**EXERCISE BRIEF**
Copy all the data exactly, except the pictures.

**PROVIDED MATERIAL**
· · · · · · ·
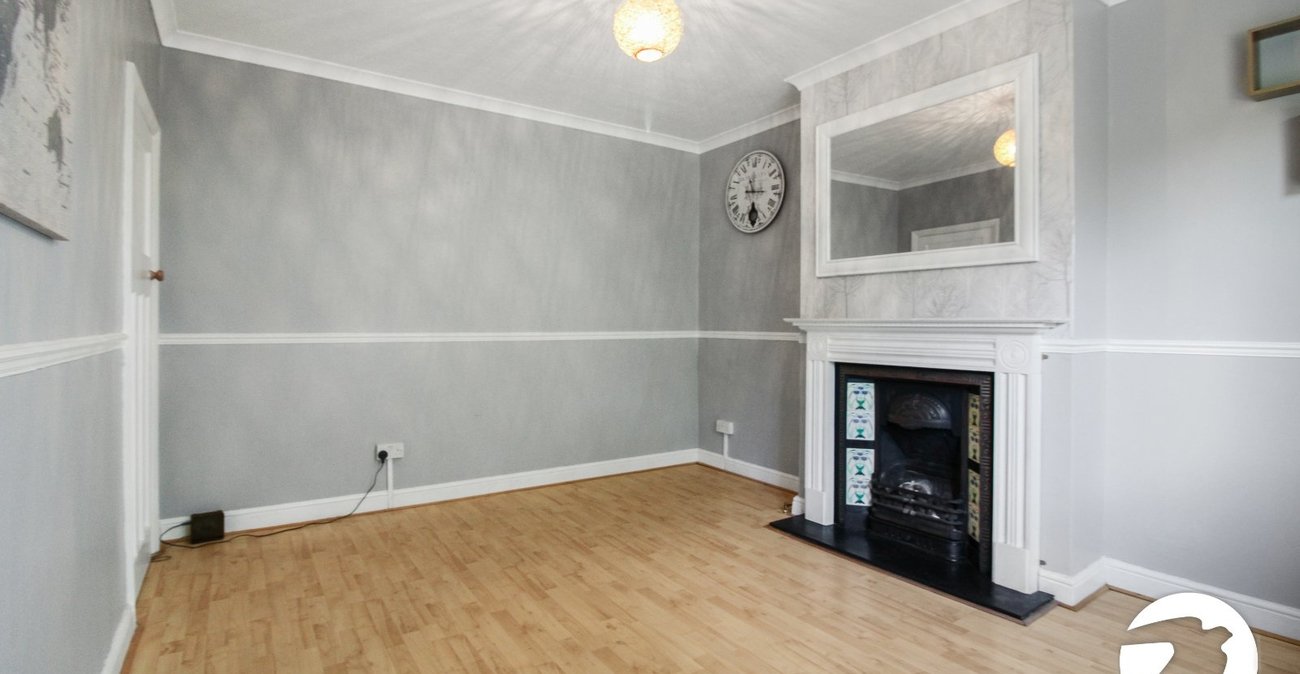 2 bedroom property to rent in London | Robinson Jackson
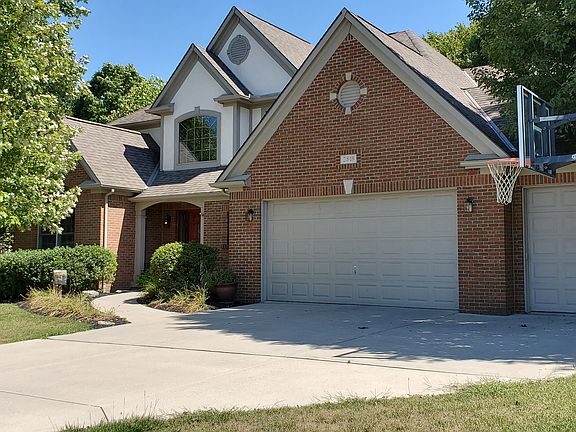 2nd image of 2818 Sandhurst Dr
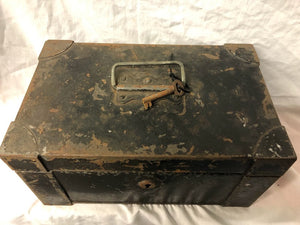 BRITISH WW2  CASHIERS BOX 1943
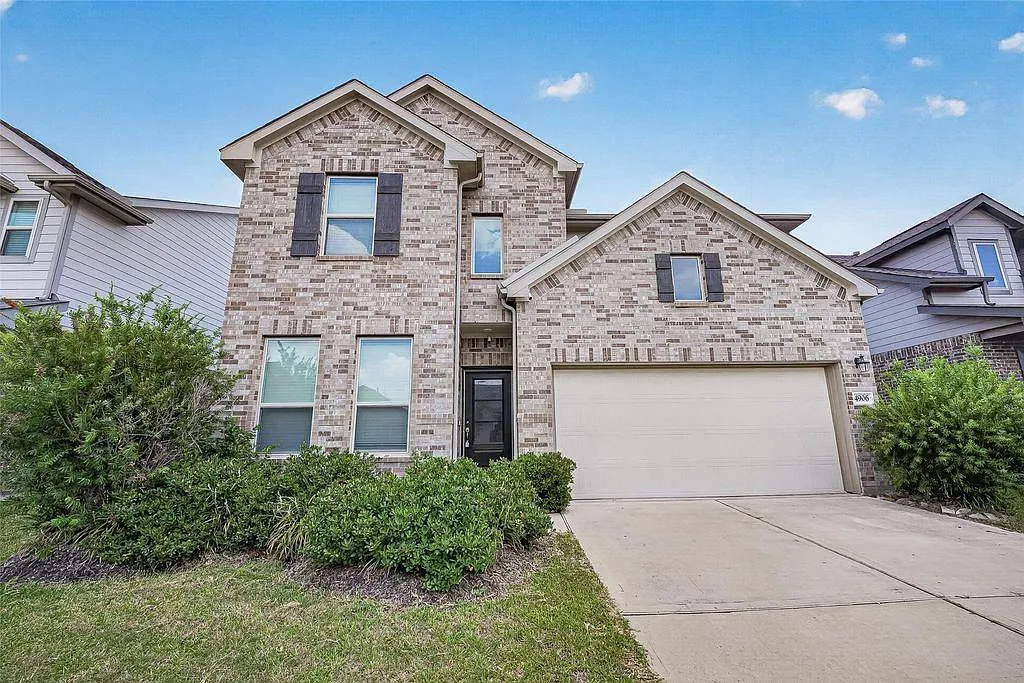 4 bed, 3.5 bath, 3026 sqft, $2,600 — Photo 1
· · · · · · ·
**THE ANSWER**
 2 bedroom property to rent in London | Robinson Jackson
 2nd image of 2818 Sandhurst Dr
 BRITISH WW2  CASHIERS BOX 1943
 4 bed, 3.5 bath, 3026 sqft, $2,600 — Photo 1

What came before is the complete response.